(TASK OBJECTIVE)
Could every line of the listing be output exactly, with the pictures skipped?

(EXERCISE DATA)
┌────────
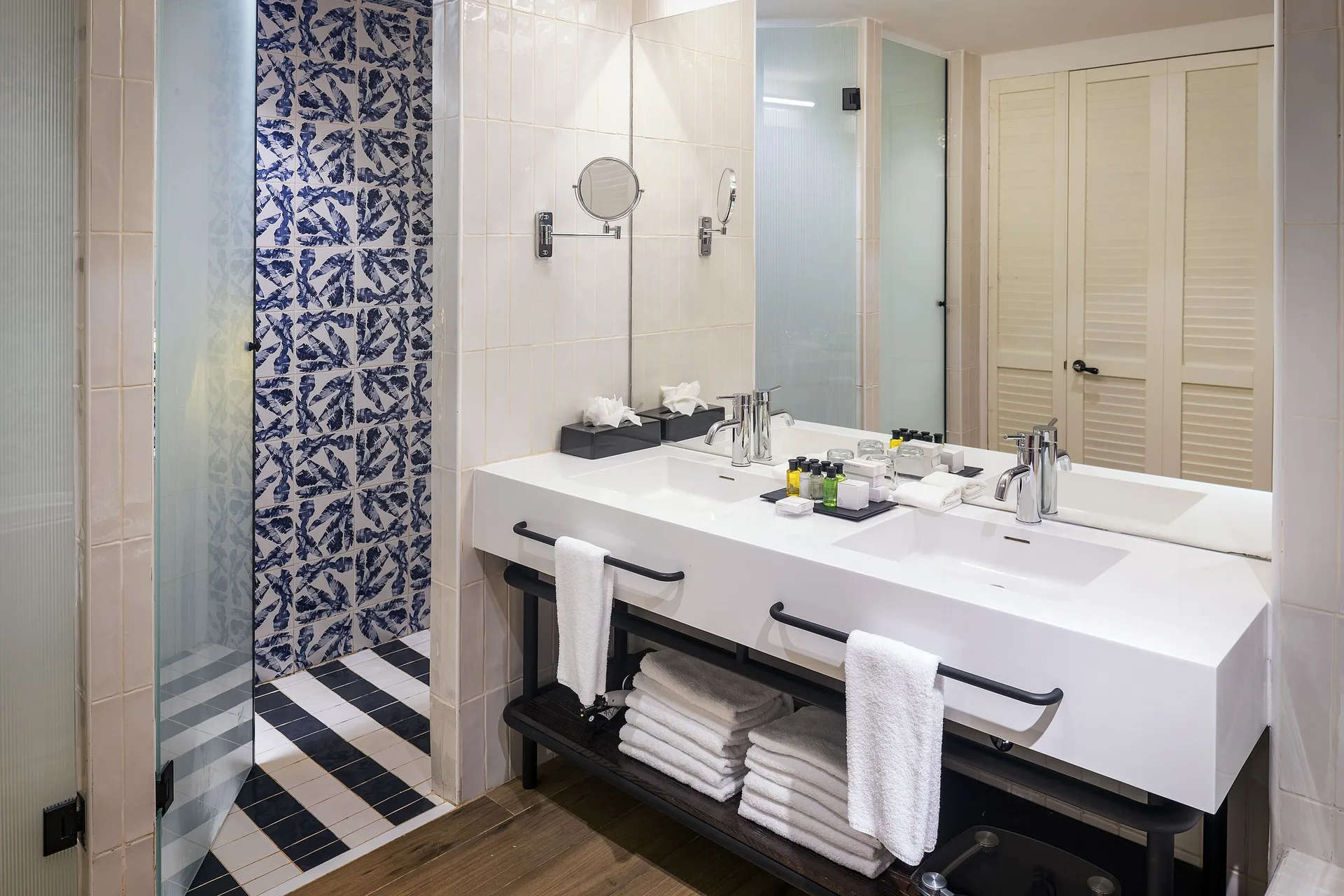 Junior Suite Nature View bathroom at Ocean Coral Spring with double vanity, mirror, and walk-in shower.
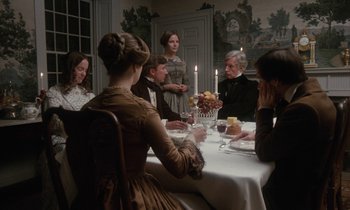 Movie still from “The Europeans” (1979), directed by James Ivory – A group of people sitting around a dinner table; Wide shot, High angle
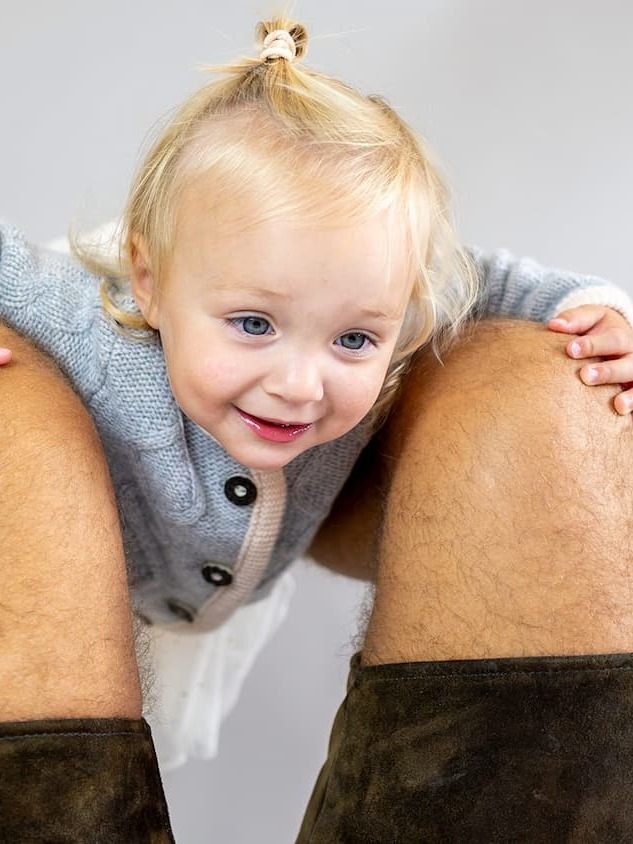 Toddler Mädchen in Kaschmirjacke MAXI lugt durch die Beine vom Papa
└────────
(ANSWER)
 Junior Suite Nature View bathroom at Ocean Coral Spring with double vanity, mirror, and walk-in shower.
 Movie still from “The Europeans” (1979), directed by James Ivory – A group of people sitting around a dinner table; Wide shot, High angle
 Toddler Mädchen in Kaschmirjacke MAXI lugt durch die Beine vom Papa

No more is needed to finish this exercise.